This document is being discussed on the "idn" mailing list. To join the
list, send a message to <majordomo@ops.ietf.org> with the words
"subscribe idn" in the body of the message. Archives of the mailing list
can also be found at ftp://ops.ietf.org/pub/lists/idn*.

1.1 Format of this document

Each section covers one feature that has been discussed as being part of
the final IDN solution. Within each section, alternate proposals are
listed with the major perceived pros and cons of the proposal. Also,
each proposal is given a label to make discussion of this document (and
of the proposals themselves) easier.

References to the numbered requirements in [IDN-REQ] are from version
-02 of that document. These numbers are expected to change and the
requirements document evolves. In this draft, the requirements are show
as "[#n-02]", where "n" is the requirement number from draft -02 of
[IDN-REQ]. This document only lists where particular proposals don't
meet particular requirmenents from [IDN-REQ], not the ones that they
fulfill.

Note that this document is supposed to reflect the discussion of all
proposed alternatives, not just the ones that fully match the
requirements in [IDN-REQ]. It will serve as a summary of the discussion
in the IDN WG for readers in the future who may want to know why certain
alternatives were not chosen for the eventual protocol.

The proposal drafts covered in this document are:

[DUERST] Character Normalization in IETF Protocols,
draft-duerst-i18n-norm-03

[IDNE] Internationalized domain names using EDNS (IDNE),
draft-ietf-idn-idne-01

[KWAN] Using the UTF-8 Character Set in the Domain Name System,
draft-skwan-utf8-dns-03

[RACE] RACE: Row-based ASCII Compatible Encoding for IDN,
draft-ietf-idn-race-00

[SENG] UTF-5, a transformation format of Unicode and ISO 10646,
draft-jseng-utf5-01

[UDNS] Using the Universal Character Set in the Domain Name System
(UDNS), draft-ietf-idn-udns-00


2. Architecture

One of the biggest questions raised early in the IDN discussion was what
the format of internationalized name parts would be on the wire, that
is, between the user's computer and the DNS resolvers.
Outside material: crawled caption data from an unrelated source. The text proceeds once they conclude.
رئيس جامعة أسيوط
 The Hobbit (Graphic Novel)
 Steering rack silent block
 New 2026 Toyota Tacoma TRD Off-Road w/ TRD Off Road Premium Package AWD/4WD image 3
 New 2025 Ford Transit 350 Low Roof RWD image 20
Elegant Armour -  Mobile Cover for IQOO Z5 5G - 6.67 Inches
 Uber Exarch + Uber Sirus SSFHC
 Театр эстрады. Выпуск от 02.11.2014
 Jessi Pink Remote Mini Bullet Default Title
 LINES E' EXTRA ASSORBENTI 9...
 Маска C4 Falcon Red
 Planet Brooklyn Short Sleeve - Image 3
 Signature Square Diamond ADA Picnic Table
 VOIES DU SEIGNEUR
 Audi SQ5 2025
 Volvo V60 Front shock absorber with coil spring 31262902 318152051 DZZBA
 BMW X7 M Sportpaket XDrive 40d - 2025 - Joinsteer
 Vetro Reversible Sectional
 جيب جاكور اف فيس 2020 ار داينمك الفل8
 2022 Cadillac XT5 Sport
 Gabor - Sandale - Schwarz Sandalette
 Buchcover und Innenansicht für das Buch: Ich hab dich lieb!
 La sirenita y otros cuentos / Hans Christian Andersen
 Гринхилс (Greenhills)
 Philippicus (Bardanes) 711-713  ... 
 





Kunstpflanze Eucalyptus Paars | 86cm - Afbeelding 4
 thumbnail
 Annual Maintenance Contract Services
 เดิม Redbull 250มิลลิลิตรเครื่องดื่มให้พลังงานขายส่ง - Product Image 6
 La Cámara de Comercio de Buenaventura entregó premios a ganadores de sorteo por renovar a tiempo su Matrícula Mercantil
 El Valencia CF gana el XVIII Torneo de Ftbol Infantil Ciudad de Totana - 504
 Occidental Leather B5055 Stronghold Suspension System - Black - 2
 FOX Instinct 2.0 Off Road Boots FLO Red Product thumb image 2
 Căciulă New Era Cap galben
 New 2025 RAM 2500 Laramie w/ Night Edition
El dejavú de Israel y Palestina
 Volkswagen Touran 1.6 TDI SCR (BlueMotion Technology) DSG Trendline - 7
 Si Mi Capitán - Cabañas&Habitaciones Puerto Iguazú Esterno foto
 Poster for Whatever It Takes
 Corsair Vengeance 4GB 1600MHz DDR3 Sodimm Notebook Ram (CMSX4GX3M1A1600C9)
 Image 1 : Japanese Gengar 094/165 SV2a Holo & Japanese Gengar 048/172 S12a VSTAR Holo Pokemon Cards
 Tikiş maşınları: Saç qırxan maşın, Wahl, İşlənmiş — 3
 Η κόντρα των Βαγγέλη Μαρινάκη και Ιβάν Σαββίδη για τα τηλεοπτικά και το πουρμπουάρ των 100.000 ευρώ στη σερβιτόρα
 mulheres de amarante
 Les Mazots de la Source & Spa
It was agreed
that the DNS protocols certainly allow non-ASCII octets in domain name
parts and resource records, but there was also acknowledgement that many
protocols that rely on the DNS could not handle non-ASCII names due to
the design of the protocol. Section 3.1 of this document describes the
proposed encodings for the non-ASCII name parts.

Because of requirement [#2-02], there were proposals for
ASCII-compatible encodings (ACEs) of non-ASCII characters. Different
ACEs were proposed (and are discussed in Section 4 of this document),
but they all have the same goal: to allow non-ASCII characters to be
represented in host names that conform to RFC 1034 [RFC1034].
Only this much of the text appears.